The problem is the existing iGPUs are unnecessarily anemic. Okay, the Radeon RX 6950 XT has 80 CU at 335W. You can't fit that in Socket AM5. But the Radeon RX 6400 has 12 CU at 53W. You could add that to a Ryzen 7 7700X (105W) and still have a lower TDP than a Ryzen 9 7900X (170W). You could double that and add it to a Ryzen 7 7700 (65W) and still be under 170W. You could even add that to the 7950X with the caveat that it has the base clock of the 7945HX when the iGPU is under load.

But the Ryzen 7000 series iGPU doesn't have 24 CU, or 12, it has 2. Intel's have been even slower.

The question is, why bother? 2 CU is plenty to run a monitor if you're not doing anything that benefits from a fast GPU. If you are, 12 CU is still on the low side.

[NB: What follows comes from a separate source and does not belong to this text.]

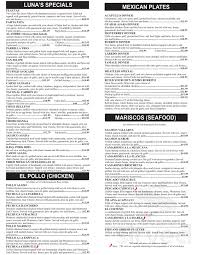 Luna modern mexican kitchen was the perfect restaurant for our celebration dinner. Luna S Mexican Restaurant Menu In League City Texas Usa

But AI could change things, because then even people who don't play games will have a use for that kind of hardware. Professionals will still pay thousands of dollars for a big hot discrete GPU but there is now a case for having ten times as many CU in every business PC.

It's also starting to make more sense to put the CPU and GPU together because of unified memory. The full version of LLaMA requires ~122GB of RAM. That's petty cash in PC memory but a capital expenditure for GPUs. If AMD wanted to make a big splash, they'd drop a new Threadripper with a high TDP socket, a ton of memory channels, support for RDIMMs and a fast iGPU.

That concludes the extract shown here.